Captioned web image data

[Start of section]

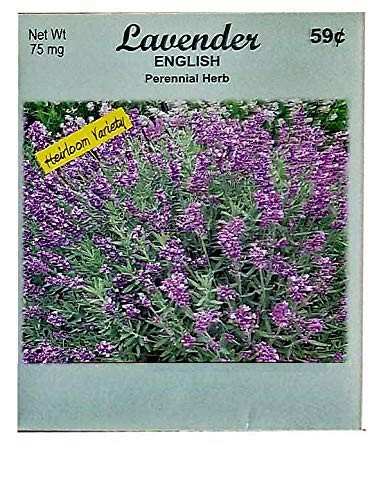 Bulk Flower Seed Packets – 50 Lavender Seeds for Gardening Enthusiasts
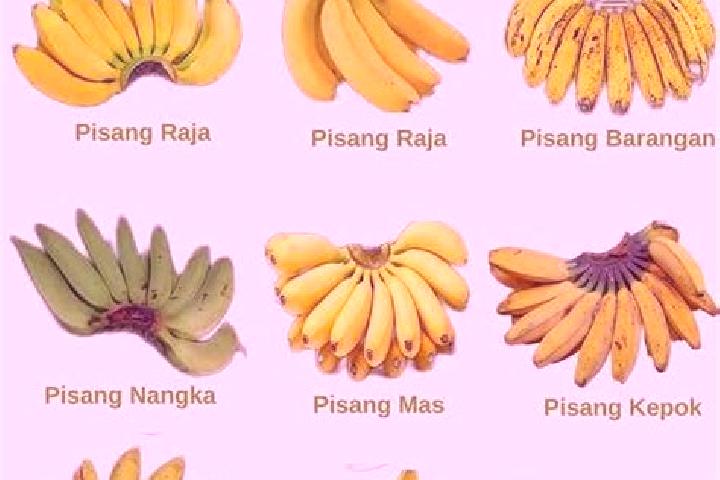 Ariana, 27 — Escort in Pisang, Indonesia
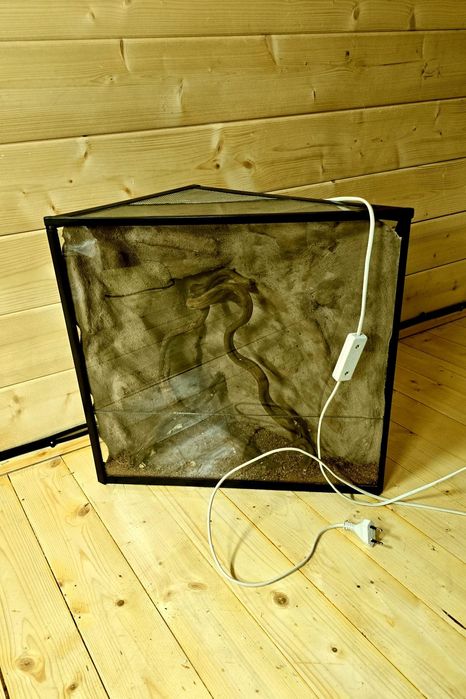 Terarium pająk jaszczórka modliszka patyczaki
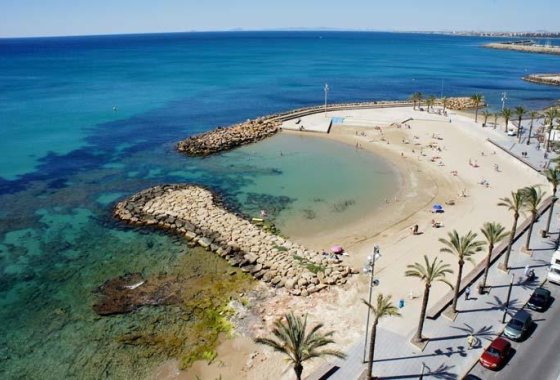New Build - Apartman - Torrevieja - Habaneras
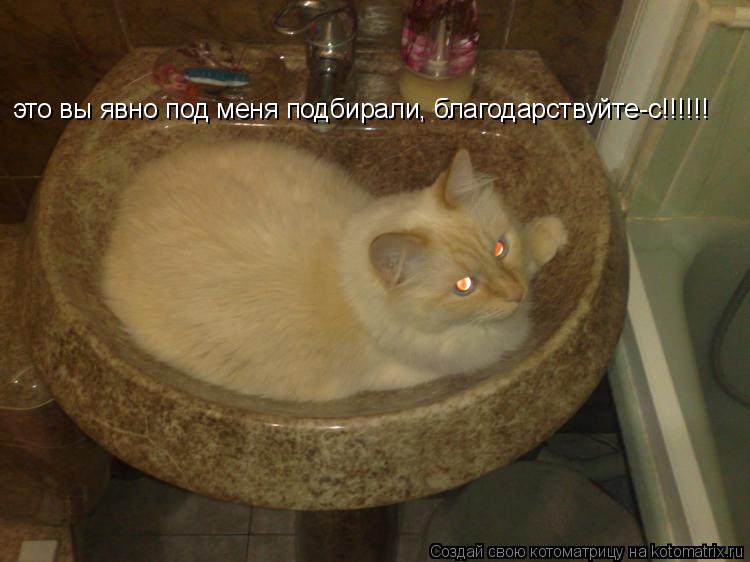 это вы явно под меня подбирали, благодарствуйте-с!!!!!!... Котоматрица: это вы явно под меня подбирали, благодарствуйте-с!!!!!!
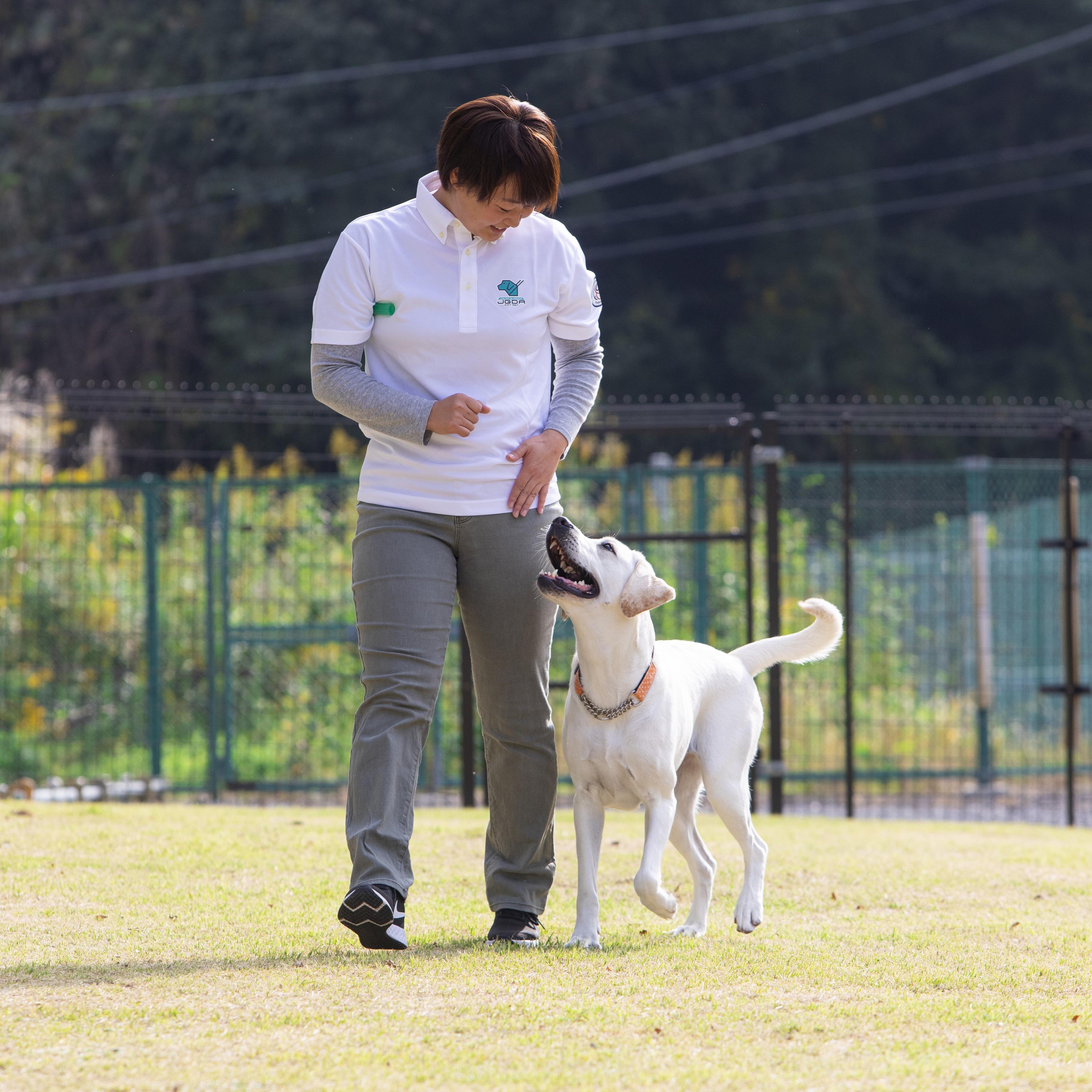 盲導犬の訓練をしている様子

[End of section]

To do
Please write out all the entries above again exactly as they appear, skipping any images.

Solution for this problem
 Bulk Flower Seed Packets – 50 Lavender Seeds for Gardening Enthusiasts
 Ariana, 27 — Escort in Pisang, Indonesia
 Terarium pająk jaszczórka modliszka patyczaki
New Build - Apartman - Torrevieja - Habaneras
 это вы явно под меня подбирали, благодарствуйте-с!!!!!!... Котоматрица: это вы явно под меня подбирали, благодарствуйте-с!!!!!!
 盲導犬の訓練をしている様子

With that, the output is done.